GDB is free software, covered by the GNU General Public License, and you are
welcome to change it and/or distribute copies of it under certain 
conditions.
Type "show copying" to see the conditions.
There is absolutely no warranty for GDB.  Type "show warranty" for details.
This GDB was configured as "i386-redhat-linux"...

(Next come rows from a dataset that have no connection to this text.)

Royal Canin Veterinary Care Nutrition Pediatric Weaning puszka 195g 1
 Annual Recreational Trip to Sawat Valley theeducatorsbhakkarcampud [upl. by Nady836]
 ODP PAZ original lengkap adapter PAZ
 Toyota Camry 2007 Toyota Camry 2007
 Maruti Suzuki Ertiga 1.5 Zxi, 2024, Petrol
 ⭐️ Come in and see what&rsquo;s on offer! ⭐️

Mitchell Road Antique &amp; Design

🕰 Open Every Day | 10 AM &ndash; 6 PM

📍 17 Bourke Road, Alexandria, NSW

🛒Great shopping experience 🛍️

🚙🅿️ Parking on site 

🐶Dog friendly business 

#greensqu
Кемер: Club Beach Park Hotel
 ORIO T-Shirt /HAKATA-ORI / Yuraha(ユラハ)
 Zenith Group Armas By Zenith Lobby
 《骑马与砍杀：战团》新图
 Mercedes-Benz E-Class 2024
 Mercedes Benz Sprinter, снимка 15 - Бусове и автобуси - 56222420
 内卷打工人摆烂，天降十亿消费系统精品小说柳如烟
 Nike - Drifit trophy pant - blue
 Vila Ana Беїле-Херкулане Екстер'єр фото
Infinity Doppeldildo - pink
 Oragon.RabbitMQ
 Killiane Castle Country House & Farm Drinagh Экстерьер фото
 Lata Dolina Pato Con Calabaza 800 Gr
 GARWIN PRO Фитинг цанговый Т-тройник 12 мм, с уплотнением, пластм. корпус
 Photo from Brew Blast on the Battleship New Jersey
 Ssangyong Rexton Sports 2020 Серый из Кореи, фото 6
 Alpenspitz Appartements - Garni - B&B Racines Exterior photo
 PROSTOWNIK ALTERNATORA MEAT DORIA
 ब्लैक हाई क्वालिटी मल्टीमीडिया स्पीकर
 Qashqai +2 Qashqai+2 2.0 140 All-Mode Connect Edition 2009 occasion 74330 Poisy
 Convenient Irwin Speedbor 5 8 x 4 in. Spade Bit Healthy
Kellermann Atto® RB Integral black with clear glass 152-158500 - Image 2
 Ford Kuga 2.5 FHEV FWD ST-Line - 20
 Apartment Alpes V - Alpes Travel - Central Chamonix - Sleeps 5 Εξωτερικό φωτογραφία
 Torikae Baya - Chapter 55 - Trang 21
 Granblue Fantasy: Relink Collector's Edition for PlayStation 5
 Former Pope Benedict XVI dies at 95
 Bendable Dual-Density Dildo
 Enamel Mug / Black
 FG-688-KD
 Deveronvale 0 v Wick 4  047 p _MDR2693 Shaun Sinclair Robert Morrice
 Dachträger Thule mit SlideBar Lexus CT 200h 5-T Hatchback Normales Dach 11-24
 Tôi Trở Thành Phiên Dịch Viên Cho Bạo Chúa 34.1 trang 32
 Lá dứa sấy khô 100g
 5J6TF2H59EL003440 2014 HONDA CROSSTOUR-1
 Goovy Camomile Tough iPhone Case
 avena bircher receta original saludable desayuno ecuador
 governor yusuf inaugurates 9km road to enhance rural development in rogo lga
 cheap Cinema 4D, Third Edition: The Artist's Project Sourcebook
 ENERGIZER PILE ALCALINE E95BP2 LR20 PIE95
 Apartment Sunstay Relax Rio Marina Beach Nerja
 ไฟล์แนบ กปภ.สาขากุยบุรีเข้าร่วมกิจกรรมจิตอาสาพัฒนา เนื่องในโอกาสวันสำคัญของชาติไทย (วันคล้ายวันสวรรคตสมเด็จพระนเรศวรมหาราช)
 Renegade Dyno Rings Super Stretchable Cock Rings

warning: core file may not match specified executable file.
Core was generated by `postgres: postgres files 127.0.0.1 SELECT        '.
Program terminated with signal 11, Segmentation fault.
Reading symbols from /usr/lib/libz.so.1...done.
Loaded symbols for /usr/lib/libz.so.1
Reading symbols from /lib/libcrypt.so.1...done.
Loaded symbols for /lib/libcrypt.so.1
Reading symbols from /lib/libresolv.so.2...done.
Loaded symbols for /lib/libresolv.so.2
Reading symbols from /lib/libnsl.so.1...done.
Loaded symbols for /lib/libnsl.so.1
Reading symbols from /lib/libdl.so.2...done.
Loaded symbols for /lib/libdl.so.2
Reading symbols from /lib/libm.so.6...done.
Loaded symbols for /lib/libm.so.6
Reading symbols from /usr/lib/libreadline.so.4.1...done.
Loaded symbols for /usr/lib/libreadline.so.4.1
Reading symbols from /lib/libtermcap.so.2...done.
Loaded symbols for /lib/libtermcap.so.2
Reading symbols from /lib/libc.so.6...done.
Loaded symbols for /lib/libc.so.6
Reading symbols from /lib/ld-linux.so.2...done.
Loaded symbols for /lib/ld-linux.so.2
Reading symbols from /usr/local/pgsql/lib/plpgsql.so...done.
Loaded symbols for /usr/local/pgsql/lib/plpgsql.so
#0  0x80b9693 in ExecEvalVar ()
(gdb) where
#0  0x80b9693 in ExecEvalVar ()
#1  0x80ba219 in ExecEvalExpr ()
#2  0x80b9c6b in ExecEvalFuncArgs ()
#3  0x80b9ce4 in ExecMakeFunctionResult ()
#4  0x80b9e81 in ExecEvalOper ()
#5  0x80ba289 in ExecEvalExpr ()
#6  0x80ba39a in ExecQual ()
#7  0x80bdca1 in IndexNext ()
#8  0x80ba83f in ExecScan ()
#9  0x80bde78 in ExecIndexScan ()
#10 0x80b8fc1 in ExecProcNode ()
#11 0x80bf6f4 in ExecNestLoop ()
#12 0x80b8ffd in ExecProcNode ()
#13 0x80b8c5e in EvalPlanQualNext ()
#14 0x80b8c35 in EvalPlanQual ()
#15 0x80b818a in ExecutePlan ()
#16 0x80b7738 in ExecutorRun ()
#17 0x80fc3af in ProcessQuery ()
#18 0x80faebe in pg_exec_query_string ()
#19 0x80fbea6 in PostgresMain ()
#20 0x80e6fc8 in DoBackend ()
#21 0x80e6bc7 in BackendStartup ()
#22 0x80e5e3d in ServerLoop ()
#23 0x80e5888 in PostmasterMain ()
#24 0x80c7107 in main ()
#25 0x400ecf31 in __libc_start_main (main=0x80c6fd4 <main>, argc=3,    ubp_av=0xbffffa74, init=0x8065314 <_init>,
fini=0x813e19c<_fini>,    rtld_fini=0x4000e274 <_dl_fini>, stack_end=0xbffffa6c)    at
../sysdeps/generic/libc-start.c:129




Re: Core dump on 7.1.3 on Linux 2.2.19

From
Tom Lane
Date:
Barry Lind <barry@xythos.com> writes:
> It happened to me this afternoon while running a 'vacuum analyze 
> verbose'.  I have attached the stack trace below.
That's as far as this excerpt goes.